• _Exercise description_
Repeat exactly the lines running from the first line of the data to the line containing "Three black chairs", both ends included, and nothing else; drop the pictures.
++++++
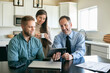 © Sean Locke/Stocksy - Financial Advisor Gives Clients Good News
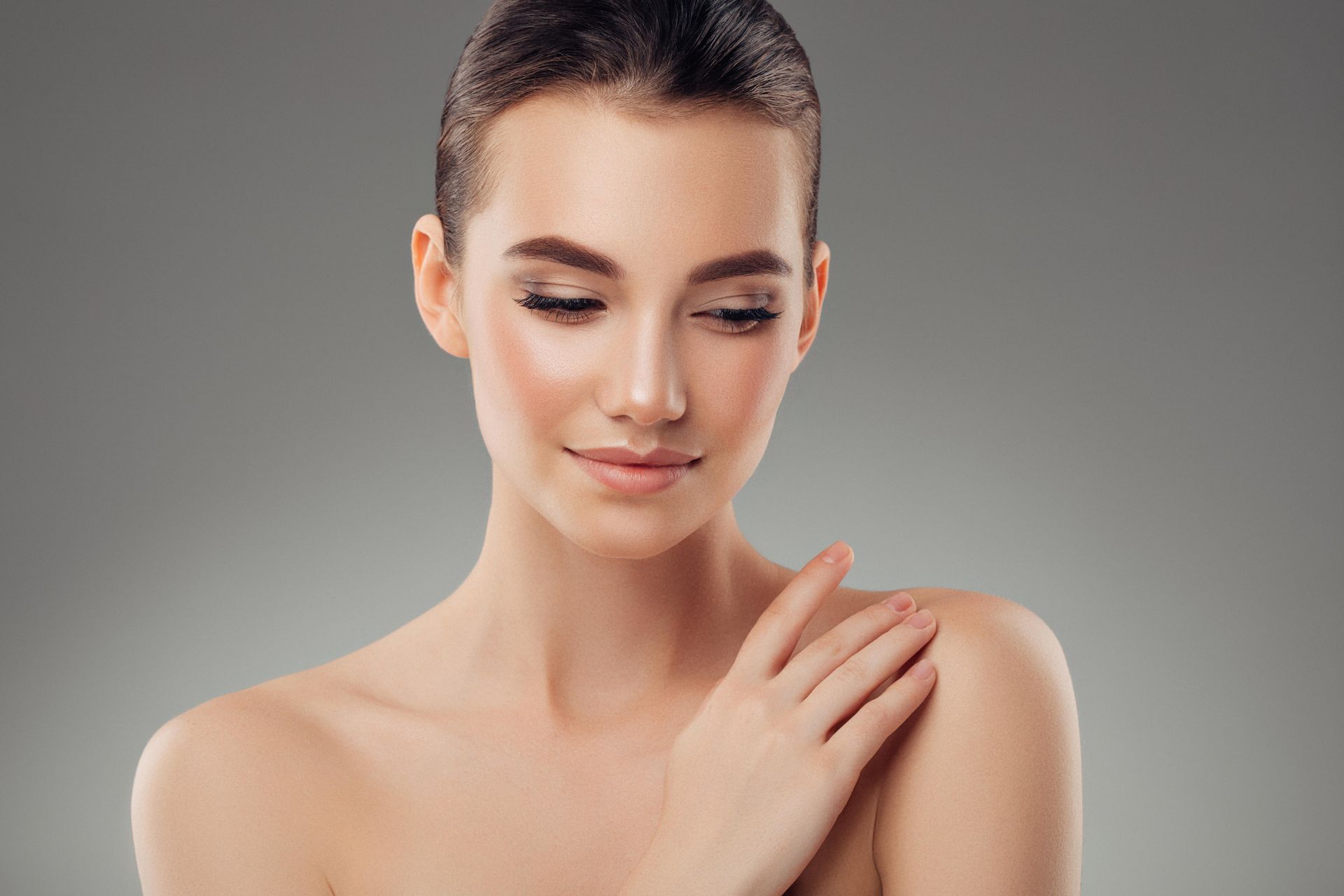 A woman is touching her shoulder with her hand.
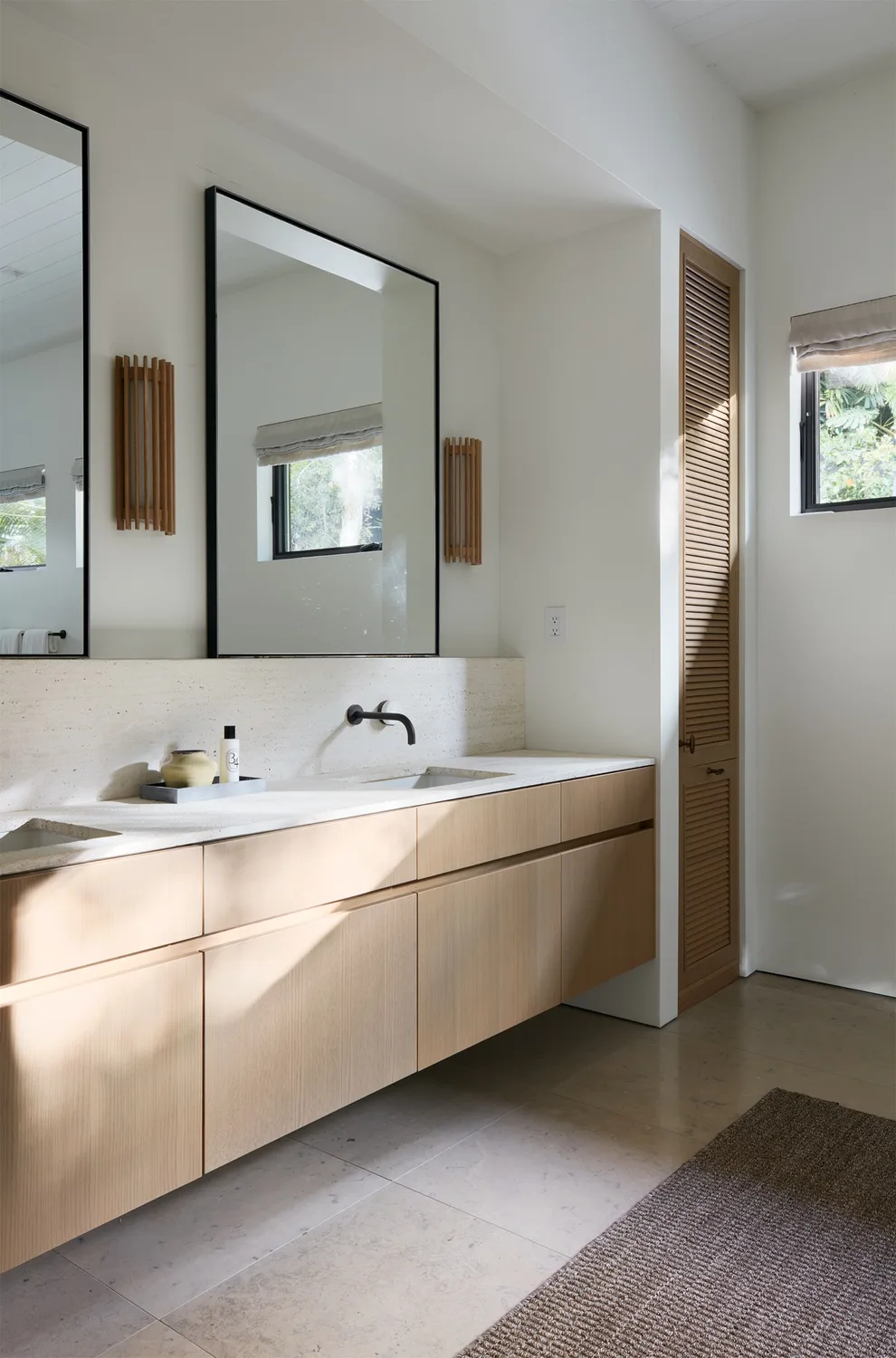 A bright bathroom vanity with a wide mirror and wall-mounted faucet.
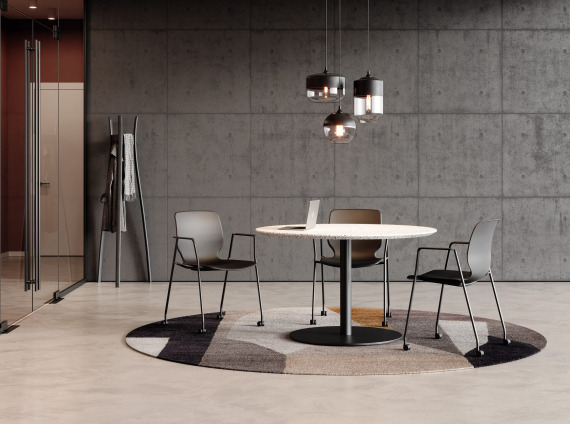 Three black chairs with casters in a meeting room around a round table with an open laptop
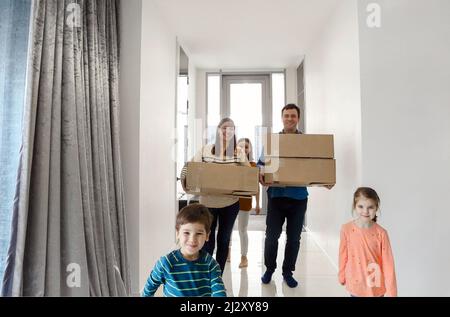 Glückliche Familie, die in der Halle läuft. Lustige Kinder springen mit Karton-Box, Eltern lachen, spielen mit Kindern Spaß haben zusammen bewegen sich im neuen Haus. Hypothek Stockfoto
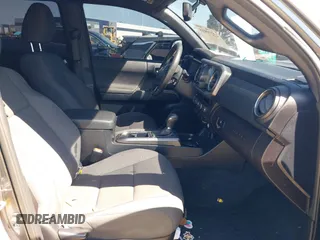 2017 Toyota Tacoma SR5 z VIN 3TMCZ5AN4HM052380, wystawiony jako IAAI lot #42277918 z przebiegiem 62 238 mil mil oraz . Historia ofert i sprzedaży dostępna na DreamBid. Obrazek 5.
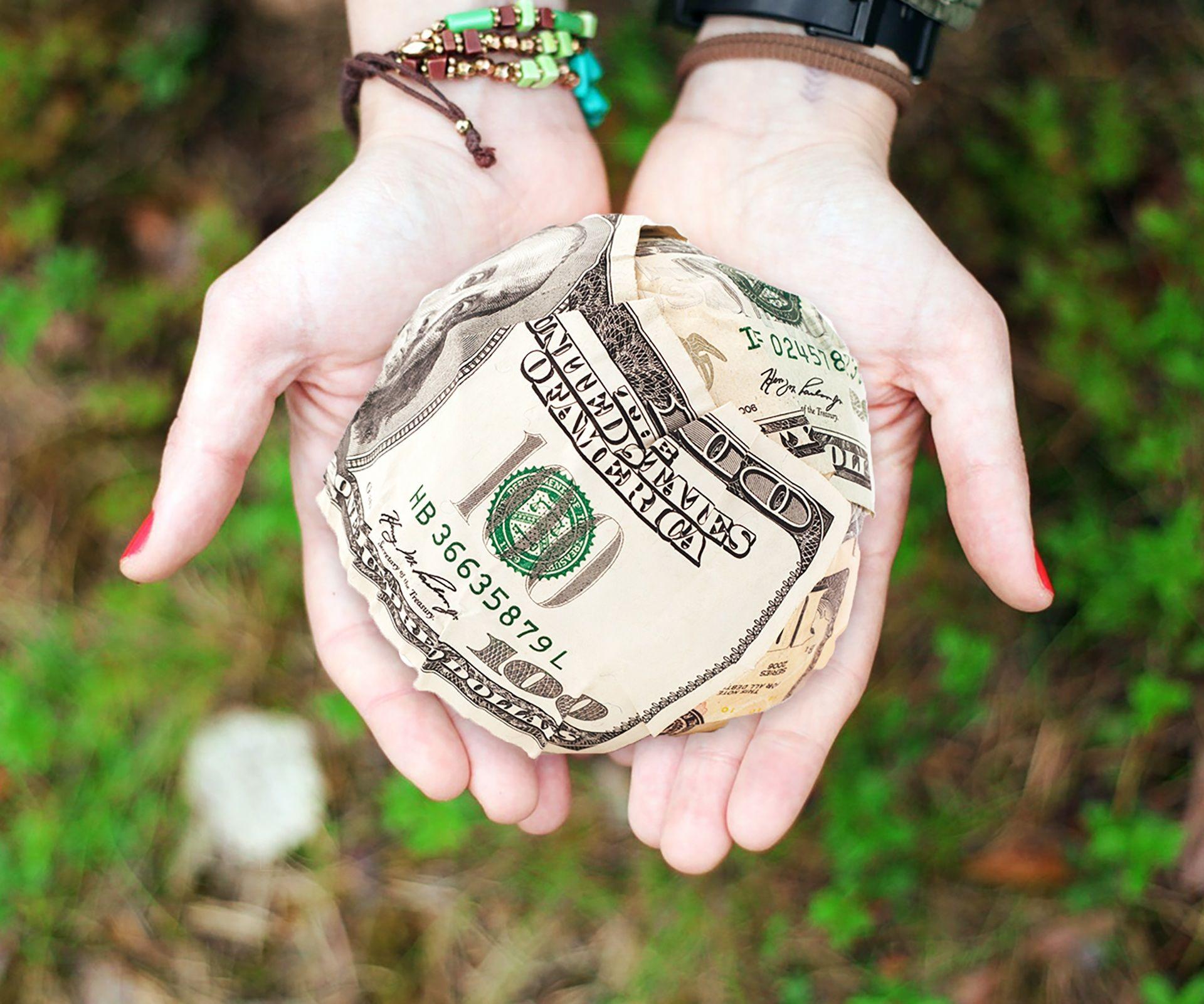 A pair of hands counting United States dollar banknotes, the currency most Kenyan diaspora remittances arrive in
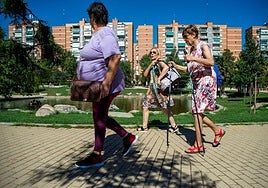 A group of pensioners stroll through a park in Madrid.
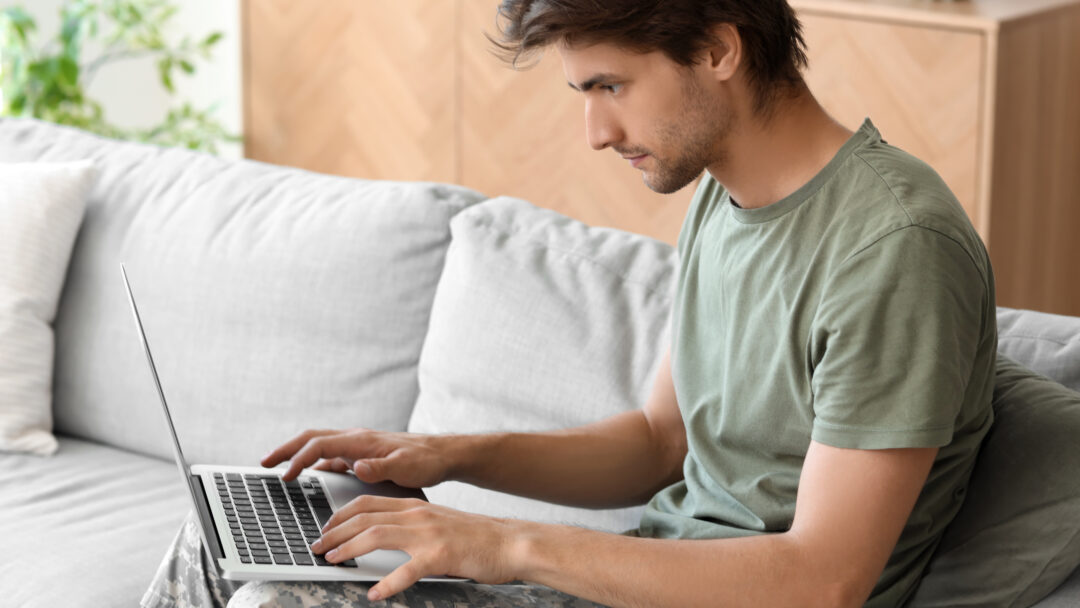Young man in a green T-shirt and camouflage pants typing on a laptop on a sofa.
++++++
• _Completed task_
 © Sean Locke/Stocksy - Financial Advisor Gives Clients Good News
 A woman is touching her shoulder with her hand.
 A bright bathroom vanity with a wide mirror and wall-mounted faucet.
 Three black chairs with casters in a meeting room around a round table with an open laptop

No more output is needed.